I have reluctantly come to the conclusion that the most I can find is that the arm disability has put paid to an avenue of employment that conceivably might otherwise have become available to her, and that she should be compensated in money terms as best I can assess them, for the inability to test her aspirations. I do not think the evidence to be such as leads me to believe that it is probable she has suffered a distinctly measurable loss of earning capacity having regard to the circumstances of her life.

Doing the best I can to calculate a fair compensation for this head of damage, I consider I should allow for it an amount of K5,000.

I endeavour to make allowance for any element of overlapping that may be involved in making the last mentioned assessment, and in assessing separately the disturbance to her life in the shape of pain, distress, suffering, mental anguish and loss of enjoyment of life past and continuing, which stem from the jaw injury, the scar and disfigurement, the disability to arm and shoulder and the anxiety state and depression. I assess an amount of K10,000 to cover these heads.

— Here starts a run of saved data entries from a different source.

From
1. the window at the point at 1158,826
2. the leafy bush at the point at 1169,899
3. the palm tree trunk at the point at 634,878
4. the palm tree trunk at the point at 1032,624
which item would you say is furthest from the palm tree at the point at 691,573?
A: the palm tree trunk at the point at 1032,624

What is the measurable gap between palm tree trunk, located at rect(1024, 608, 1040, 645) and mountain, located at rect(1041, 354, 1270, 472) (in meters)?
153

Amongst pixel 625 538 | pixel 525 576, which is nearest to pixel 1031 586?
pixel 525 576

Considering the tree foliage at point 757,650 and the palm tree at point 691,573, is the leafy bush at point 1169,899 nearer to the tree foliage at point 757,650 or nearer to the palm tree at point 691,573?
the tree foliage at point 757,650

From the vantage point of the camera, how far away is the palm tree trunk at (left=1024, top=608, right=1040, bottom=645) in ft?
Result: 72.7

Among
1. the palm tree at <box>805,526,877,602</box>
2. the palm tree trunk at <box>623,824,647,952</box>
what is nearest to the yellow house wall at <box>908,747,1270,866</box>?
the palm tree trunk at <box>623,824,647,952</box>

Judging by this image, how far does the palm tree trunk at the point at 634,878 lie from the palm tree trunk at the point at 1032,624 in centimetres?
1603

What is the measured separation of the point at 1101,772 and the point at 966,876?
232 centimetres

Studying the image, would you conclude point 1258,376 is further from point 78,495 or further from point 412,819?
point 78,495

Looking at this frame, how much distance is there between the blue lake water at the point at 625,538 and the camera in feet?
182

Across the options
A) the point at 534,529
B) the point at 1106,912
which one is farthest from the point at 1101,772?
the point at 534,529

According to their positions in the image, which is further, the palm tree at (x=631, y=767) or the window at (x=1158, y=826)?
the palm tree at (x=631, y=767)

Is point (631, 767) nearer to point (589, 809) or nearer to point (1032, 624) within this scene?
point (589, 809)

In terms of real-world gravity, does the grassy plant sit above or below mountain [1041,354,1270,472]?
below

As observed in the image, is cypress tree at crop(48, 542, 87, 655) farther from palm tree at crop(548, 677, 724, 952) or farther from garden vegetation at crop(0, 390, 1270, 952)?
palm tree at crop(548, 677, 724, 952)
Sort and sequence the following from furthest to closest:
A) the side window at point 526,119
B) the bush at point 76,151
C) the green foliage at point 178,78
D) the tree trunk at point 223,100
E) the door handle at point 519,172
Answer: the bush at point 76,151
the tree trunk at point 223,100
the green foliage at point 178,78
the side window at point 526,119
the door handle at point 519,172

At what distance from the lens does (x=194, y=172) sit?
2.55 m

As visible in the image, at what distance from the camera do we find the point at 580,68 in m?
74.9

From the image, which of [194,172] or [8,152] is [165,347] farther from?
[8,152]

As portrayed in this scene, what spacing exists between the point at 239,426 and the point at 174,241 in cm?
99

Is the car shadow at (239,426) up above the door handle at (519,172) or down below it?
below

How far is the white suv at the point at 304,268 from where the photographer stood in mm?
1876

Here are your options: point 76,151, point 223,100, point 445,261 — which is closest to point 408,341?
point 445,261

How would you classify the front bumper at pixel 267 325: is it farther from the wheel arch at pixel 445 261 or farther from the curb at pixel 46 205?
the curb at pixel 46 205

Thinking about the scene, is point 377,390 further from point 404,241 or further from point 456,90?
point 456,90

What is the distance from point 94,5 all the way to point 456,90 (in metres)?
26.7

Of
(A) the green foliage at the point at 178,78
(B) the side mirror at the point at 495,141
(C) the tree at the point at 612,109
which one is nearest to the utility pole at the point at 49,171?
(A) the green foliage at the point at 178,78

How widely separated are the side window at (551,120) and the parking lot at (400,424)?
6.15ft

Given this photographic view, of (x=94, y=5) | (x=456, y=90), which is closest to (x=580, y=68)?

It was agreed in court that the verdict should include an amount of K5,532.85 for out-of-pocket expenses incurred; and I am satisfied that a further sum of K463.20 out-of-pocket expenses was fairly attributable to necessary attendances connected with treatment of the plaintiff. I include in the verdict the total of these sums namely K5,996.05. An amount of K225 for the scar operation should also be included. There will be a verdict for the plaintiff in the sum of K21,221.05.

Exhibits C and 2 have been released to the custody of the plaintiff’s and defendant’s solicitors respectively for return to Morobe Pharmacy and the Education Department on the understanding that they shall be again made available in the event of any appeal.

Judgment accordingly.

Solicitors for the plaintiff: L. K. Young & Associates.

Solicitors for the defendants: Gadens.